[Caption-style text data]
..........

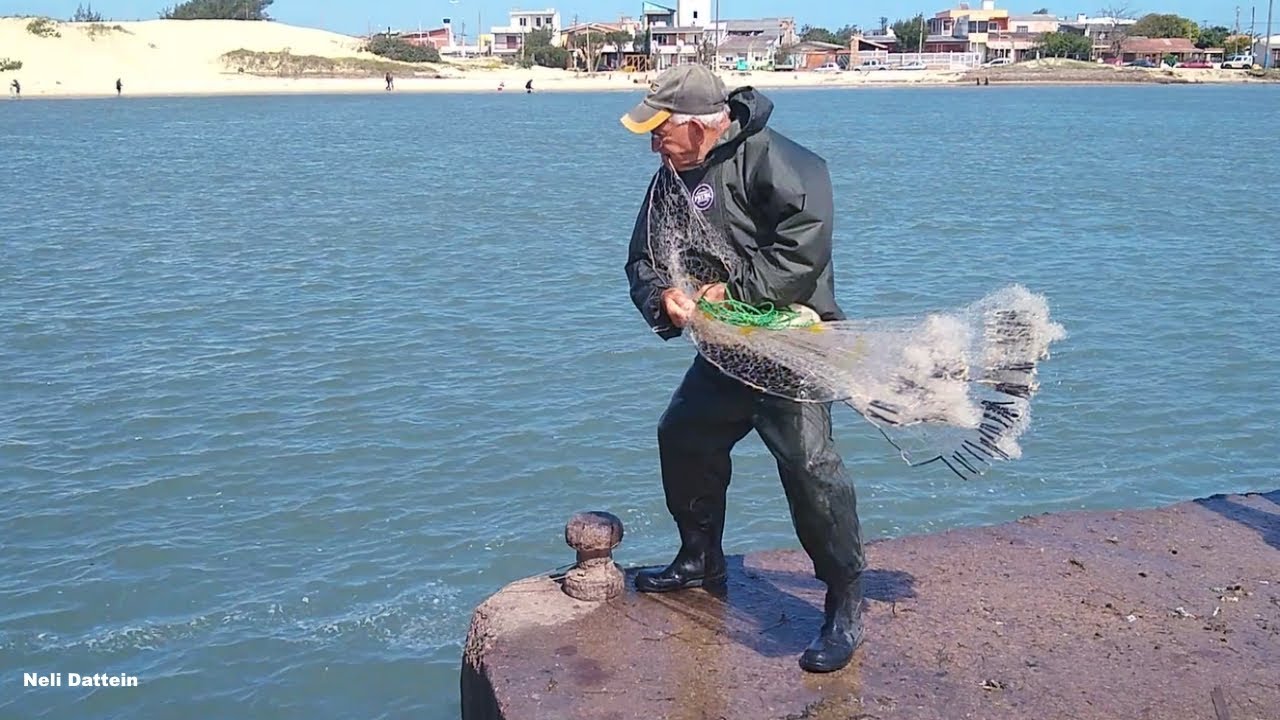 Imbé/RS, Barra, Embarcação Zóinho do Mar, saindo e pescadores de tarrafa pescando com tenaciade.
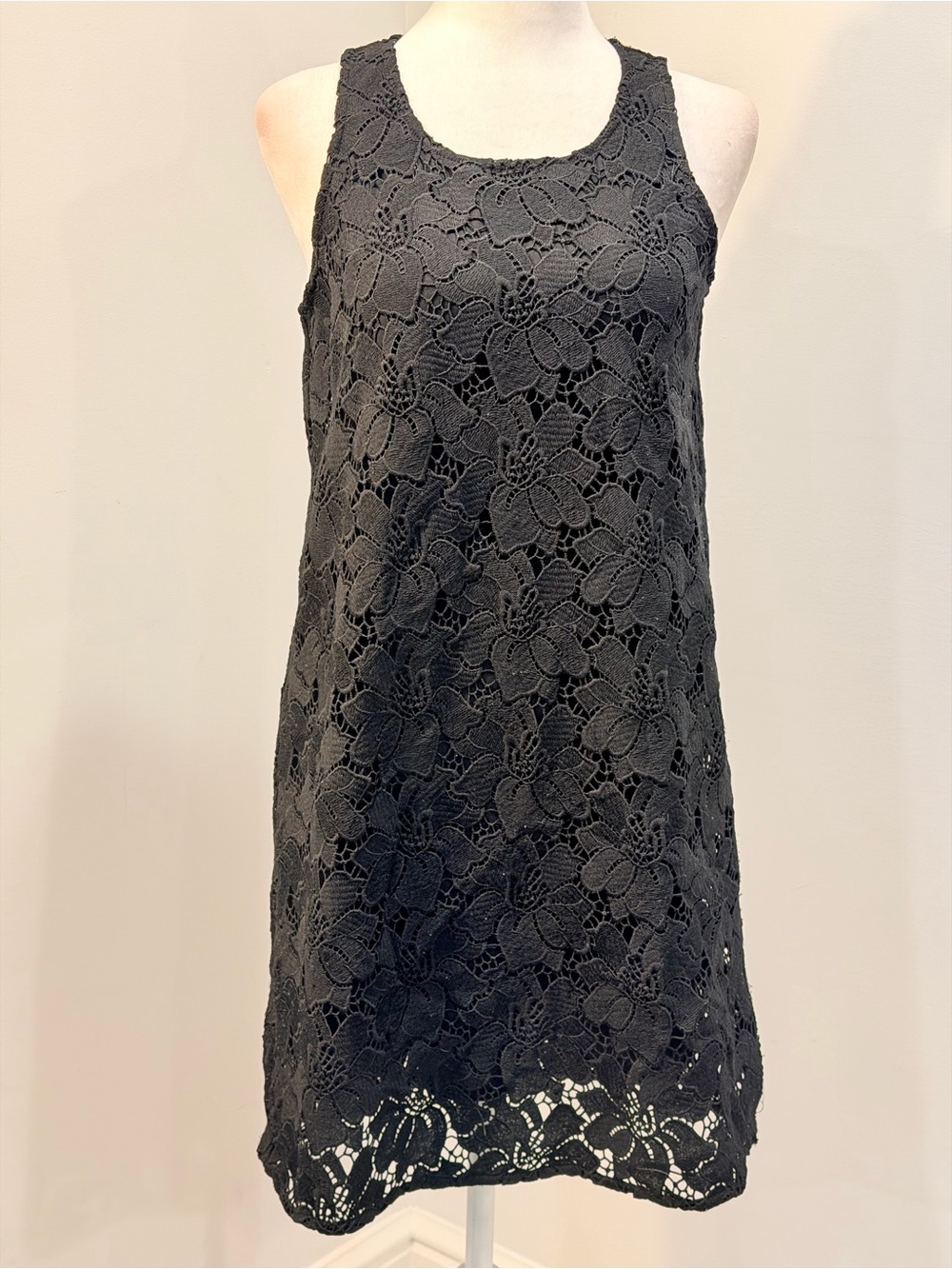 EUC Lucky Brand Black Floral Lace Shift Dress Size XS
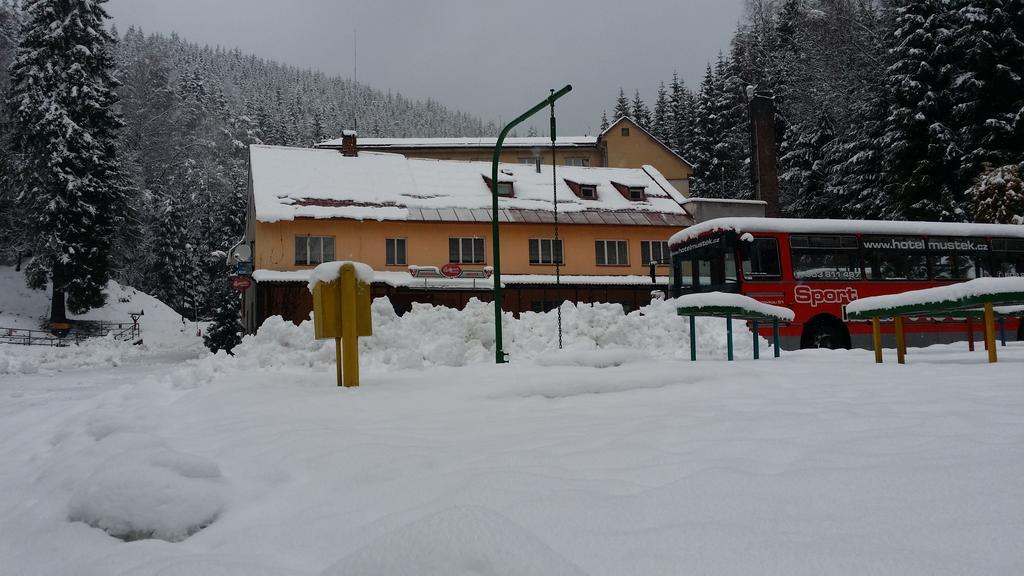 Sport Hotel Mustek Jáchymov Exterior foto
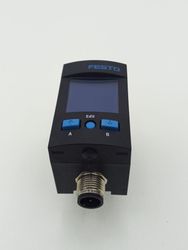 51760_7.jpg 51760_7.jpg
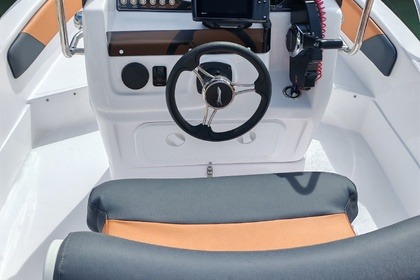 Miete Motorboot Blumax Bluline 19Open Umag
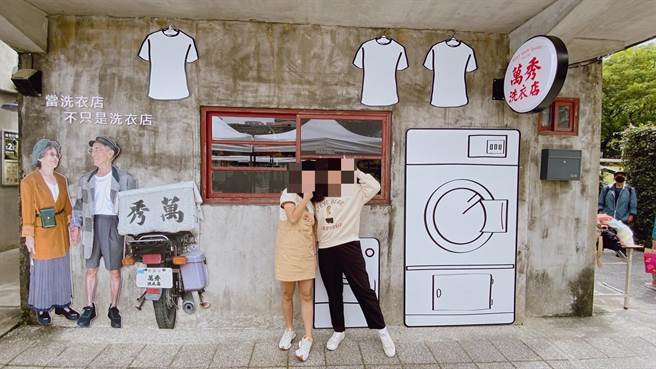 徐女与友人开心拍照时，准备动手行窃的林嫌刚好被拍到入镜。（翻摄照片／林郁平台北传真）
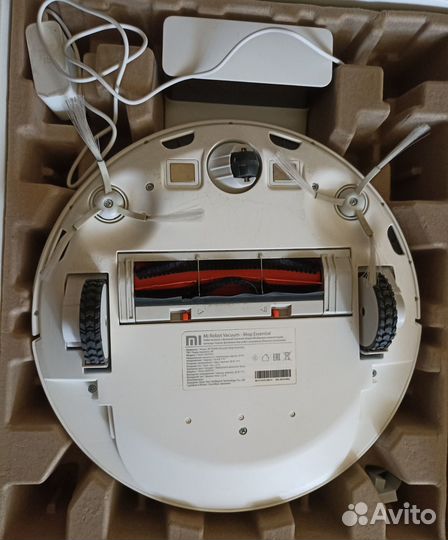 Робот-пылесос Xiaomi Mi Robot Vacuum-Mop Essential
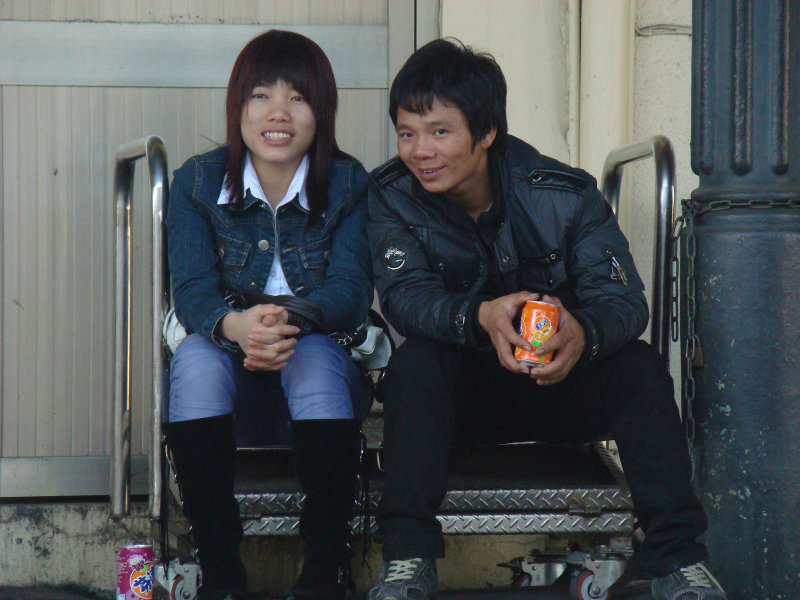 月台交談旅客2010台中火車站台灣鐵路旅遊攝影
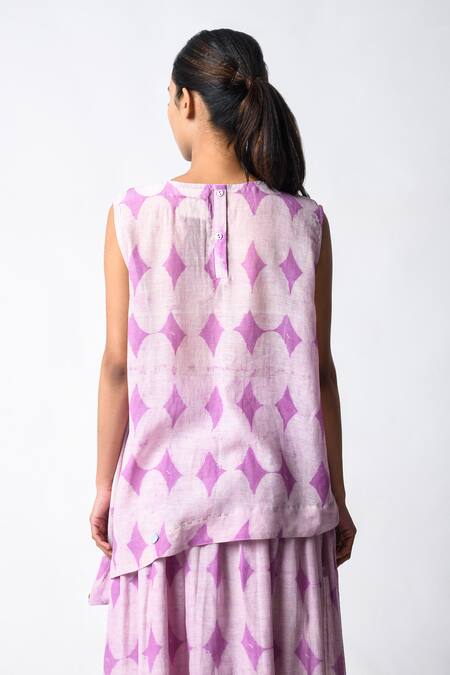 Shop JAYATI GOENKA Purple Chanderi Silk Round Neck Pintuck Plum Cord Set Online at Aza Fashions Shop_JAYATI GOENKA_Purple Chanderi Silk Round Neck Pintuck Plum Cord Set _Online_at_Aza_Fashions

..........

● Task item
Exactly as they appear, repeat the lines from the one containing "51760_7.jpg 51760_7.jpg" through the last line of the entries, counting both ends. Pictures stay out.

● Answer below
 51760_7.jpg 51760_7.jpg
 Miete Motorboot Blumax Bluline 19Open Umag
 徐女与友人开心拍照时，准备动手行窃的林嫌刚好被拍到入镜。（翻摄照片／林郁平台北传真）
 Робот-пылесос Xiaomi Mi Robot Vacuum-Mop Essential
 月台交談旅客2010台中火車站台灣鐵路旅遊攝影
 Shop JAYATI GOENKA Purple Chanderi Silk Round Neck Pintuck Plum Cord Set Online at Aza Fashions Shop_JAYATI GOENKA_Purple Chanderi Silk Round Neck Pintuck Plum Cord Set _Online_at_Aza_Fashions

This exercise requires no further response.